Dataset excerpts:
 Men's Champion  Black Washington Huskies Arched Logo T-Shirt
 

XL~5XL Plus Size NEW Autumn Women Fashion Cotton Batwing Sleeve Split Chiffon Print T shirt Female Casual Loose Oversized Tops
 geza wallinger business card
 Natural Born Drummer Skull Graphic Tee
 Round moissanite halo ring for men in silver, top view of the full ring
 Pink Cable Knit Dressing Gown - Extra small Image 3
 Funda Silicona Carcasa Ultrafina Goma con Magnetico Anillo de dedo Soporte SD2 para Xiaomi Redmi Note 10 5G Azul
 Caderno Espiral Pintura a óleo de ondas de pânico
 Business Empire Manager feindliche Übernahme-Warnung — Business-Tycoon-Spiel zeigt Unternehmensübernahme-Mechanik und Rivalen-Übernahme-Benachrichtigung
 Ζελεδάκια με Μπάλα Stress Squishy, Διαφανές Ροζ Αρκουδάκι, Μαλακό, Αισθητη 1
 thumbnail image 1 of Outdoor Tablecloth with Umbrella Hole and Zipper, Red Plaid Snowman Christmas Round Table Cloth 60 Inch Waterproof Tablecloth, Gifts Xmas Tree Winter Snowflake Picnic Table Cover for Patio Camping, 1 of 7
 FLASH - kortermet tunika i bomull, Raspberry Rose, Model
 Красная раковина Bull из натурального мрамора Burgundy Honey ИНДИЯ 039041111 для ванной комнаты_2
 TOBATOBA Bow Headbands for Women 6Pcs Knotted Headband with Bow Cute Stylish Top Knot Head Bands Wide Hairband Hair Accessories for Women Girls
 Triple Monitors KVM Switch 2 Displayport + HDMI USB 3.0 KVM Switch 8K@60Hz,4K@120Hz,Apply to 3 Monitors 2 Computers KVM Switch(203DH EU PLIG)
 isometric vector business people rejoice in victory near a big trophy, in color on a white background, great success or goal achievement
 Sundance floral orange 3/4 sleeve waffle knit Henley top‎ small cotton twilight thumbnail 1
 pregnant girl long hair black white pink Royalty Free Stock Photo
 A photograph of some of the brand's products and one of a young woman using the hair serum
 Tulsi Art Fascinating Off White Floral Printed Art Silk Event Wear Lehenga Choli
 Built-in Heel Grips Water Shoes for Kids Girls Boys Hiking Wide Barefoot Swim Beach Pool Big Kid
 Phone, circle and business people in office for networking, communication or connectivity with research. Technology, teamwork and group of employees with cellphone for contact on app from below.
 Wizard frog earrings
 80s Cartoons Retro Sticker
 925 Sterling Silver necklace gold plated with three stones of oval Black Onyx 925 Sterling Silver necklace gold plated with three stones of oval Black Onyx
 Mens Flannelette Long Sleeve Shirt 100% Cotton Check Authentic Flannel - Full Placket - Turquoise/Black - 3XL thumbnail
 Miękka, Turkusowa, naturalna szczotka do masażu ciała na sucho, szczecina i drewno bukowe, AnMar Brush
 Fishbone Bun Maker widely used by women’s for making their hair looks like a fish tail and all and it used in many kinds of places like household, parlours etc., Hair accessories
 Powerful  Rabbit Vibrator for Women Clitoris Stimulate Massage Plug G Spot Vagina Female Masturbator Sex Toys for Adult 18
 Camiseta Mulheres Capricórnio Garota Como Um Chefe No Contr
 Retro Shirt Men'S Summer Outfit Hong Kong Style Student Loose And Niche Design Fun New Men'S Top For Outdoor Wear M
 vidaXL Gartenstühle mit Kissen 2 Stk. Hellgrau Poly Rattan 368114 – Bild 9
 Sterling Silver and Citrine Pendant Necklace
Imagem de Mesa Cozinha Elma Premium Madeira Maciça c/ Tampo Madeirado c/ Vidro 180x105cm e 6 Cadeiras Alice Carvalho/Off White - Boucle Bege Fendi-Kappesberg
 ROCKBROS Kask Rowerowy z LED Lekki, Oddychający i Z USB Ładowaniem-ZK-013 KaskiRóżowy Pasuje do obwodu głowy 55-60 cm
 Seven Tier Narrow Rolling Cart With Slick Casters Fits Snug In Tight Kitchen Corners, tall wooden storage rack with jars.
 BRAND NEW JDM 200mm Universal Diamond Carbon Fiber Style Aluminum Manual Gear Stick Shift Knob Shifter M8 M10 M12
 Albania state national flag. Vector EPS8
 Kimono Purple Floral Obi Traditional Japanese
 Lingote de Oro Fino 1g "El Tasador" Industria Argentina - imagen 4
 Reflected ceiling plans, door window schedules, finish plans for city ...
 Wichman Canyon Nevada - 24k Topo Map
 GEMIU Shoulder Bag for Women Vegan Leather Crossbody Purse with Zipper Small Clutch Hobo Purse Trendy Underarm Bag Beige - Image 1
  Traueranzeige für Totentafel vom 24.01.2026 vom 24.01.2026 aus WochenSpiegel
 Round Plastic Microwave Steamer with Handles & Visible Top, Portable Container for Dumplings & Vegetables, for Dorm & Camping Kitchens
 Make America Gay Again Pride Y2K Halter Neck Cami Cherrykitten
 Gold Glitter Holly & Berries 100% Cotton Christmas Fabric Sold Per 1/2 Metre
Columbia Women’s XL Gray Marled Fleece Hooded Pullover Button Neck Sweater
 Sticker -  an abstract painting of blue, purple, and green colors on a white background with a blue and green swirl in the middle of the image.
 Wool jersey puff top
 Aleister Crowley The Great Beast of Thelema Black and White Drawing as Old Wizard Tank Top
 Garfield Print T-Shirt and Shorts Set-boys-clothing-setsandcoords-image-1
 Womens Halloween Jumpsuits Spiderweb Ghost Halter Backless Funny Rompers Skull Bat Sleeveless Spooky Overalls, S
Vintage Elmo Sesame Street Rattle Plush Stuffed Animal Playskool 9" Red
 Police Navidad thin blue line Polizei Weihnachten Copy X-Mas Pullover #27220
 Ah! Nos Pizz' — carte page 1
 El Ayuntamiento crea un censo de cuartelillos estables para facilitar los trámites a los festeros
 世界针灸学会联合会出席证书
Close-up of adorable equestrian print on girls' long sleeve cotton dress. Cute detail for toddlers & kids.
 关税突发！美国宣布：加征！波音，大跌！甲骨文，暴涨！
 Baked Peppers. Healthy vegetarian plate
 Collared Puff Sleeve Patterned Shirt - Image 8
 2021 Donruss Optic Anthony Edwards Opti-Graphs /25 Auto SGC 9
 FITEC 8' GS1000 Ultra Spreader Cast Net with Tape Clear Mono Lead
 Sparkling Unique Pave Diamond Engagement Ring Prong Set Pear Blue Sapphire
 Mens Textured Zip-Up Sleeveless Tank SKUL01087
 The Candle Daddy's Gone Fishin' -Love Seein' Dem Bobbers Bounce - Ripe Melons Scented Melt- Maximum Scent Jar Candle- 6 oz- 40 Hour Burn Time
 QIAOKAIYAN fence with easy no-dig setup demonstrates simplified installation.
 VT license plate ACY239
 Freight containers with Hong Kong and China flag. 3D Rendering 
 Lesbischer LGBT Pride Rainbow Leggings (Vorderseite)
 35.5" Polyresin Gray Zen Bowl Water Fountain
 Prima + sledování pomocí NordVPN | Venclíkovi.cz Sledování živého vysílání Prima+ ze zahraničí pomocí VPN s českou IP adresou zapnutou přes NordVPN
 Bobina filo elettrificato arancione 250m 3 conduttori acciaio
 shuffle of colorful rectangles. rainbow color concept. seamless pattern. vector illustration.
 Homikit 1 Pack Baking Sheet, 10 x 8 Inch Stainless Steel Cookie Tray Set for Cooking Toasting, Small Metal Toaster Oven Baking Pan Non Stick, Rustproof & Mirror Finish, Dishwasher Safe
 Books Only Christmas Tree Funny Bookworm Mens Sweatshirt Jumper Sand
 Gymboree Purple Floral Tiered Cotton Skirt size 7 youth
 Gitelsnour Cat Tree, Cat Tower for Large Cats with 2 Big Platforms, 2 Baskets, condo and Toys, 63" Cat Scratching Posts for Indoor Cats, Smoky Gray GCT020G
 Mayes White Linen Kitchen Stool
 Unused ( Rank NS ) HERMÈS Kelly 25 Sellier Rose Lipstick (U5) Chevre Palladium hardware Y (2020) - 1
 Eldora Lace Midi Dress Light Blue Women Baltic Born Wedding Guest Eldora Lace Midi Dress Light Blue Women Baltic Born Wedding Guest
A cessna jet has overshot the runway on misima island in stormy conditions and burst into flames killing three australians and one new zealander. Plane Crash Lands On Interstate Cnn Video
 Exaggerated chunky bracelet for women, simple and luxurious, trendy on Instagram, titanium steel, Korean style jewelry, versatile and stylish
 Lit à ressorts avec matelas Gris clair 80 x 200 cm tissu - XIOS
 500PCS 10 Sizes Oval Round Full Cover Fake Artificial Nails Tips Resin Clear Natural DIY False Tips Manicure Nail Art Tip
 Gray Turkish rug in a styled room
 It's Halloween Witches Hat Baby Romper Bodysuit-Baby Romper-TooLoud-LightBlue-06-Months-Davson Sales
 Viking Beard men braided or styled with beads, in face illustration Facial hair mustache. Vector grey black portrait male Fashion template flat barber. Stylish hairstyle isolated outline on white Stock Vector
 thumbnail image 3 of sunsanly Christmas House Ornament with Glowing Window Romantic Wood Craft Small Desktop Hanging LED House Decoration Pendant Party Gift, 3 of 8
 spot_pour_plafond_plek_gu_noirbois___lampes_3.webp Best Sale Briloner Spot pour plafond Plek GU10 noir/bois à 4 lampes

Work to complete: Starting from the top of the records and ending at the line that contains "Natural Born Drummer Skull Graphic Tee", repeat each line exactly and return only those lines.

Task solution:
 Men's Champion  Black Washington Huskies Arched Logo T-Shirt
 

XL~5XL Plus Size NEW Autumn Women Fashion Cotton Batwing Sleeve Split Chiffon Print T shirt Female Casual Loose Oversized Tops
 geza wallinger business card
 Natural Born Drummer Skull Graphic Tee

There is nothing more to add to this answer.